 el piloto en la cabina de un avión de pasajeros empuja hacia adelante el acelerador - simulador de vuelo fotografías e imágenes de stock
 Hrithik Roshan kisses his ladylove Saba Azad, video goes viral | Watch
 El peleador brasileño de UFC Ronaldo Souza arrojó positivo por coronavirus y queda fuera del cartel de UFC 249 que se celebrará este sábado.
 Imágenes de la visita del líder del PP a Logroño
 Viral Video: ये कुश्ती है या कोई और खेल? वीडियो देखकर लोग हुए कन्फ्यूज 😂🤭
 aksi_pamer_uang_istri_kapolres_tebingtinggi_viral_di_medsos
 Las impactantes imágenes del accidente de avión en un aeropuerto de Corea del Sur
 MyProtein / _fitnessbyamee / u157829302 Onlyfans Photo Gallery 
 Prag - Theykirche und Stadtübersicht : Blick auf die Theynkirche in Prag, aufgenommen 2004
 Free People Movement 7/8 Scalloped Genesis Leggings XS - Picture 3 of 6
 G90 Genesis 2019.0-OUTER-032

══════════

__Your instructions__. Each line above must be returned exactly as written.

__Result for this exercise__.
 el piloto en la cabina de un avión de pasajeros empuja hacia adelante el acelerador - simulador de vuelo fotografías e imágenes de stock
 Hrithik Roshan kisses his ladylove Saba Azad, video goes viral | Watch
 El peleador brasileño de UFC Ronaldo Souza arrojó positivo por coronavirus y queda fuera del cartel de UFC 249 que se celebrará este sábado.
 Imágenes de la visita del líder del PP a Logroño
 Viral Video: ये कुश्ती है या कोई और खेल? वीडियो देखकर लोग हुए कन्फ्यूज 😂🤭
 aksi_pamer_uang_istri_kapolres_tebingtinggi_viral_di_medsos
 Las impactantes imágenes del accidente de avión en un aeropuerto de Corea del Sur
 MyProtein / _fitnessbyamee / u157829302 Onlyfans Photo Gallery 
 Prag - Theykirche und Stadtübersicht : Blick auf die Theynkirche in Prag, aufgenommen 2004
 Free People Movement 7/8 Scalloped Genesis Leggings XS - Picture 3 of 6
 G90 Genesis 2019.0-OUTER-032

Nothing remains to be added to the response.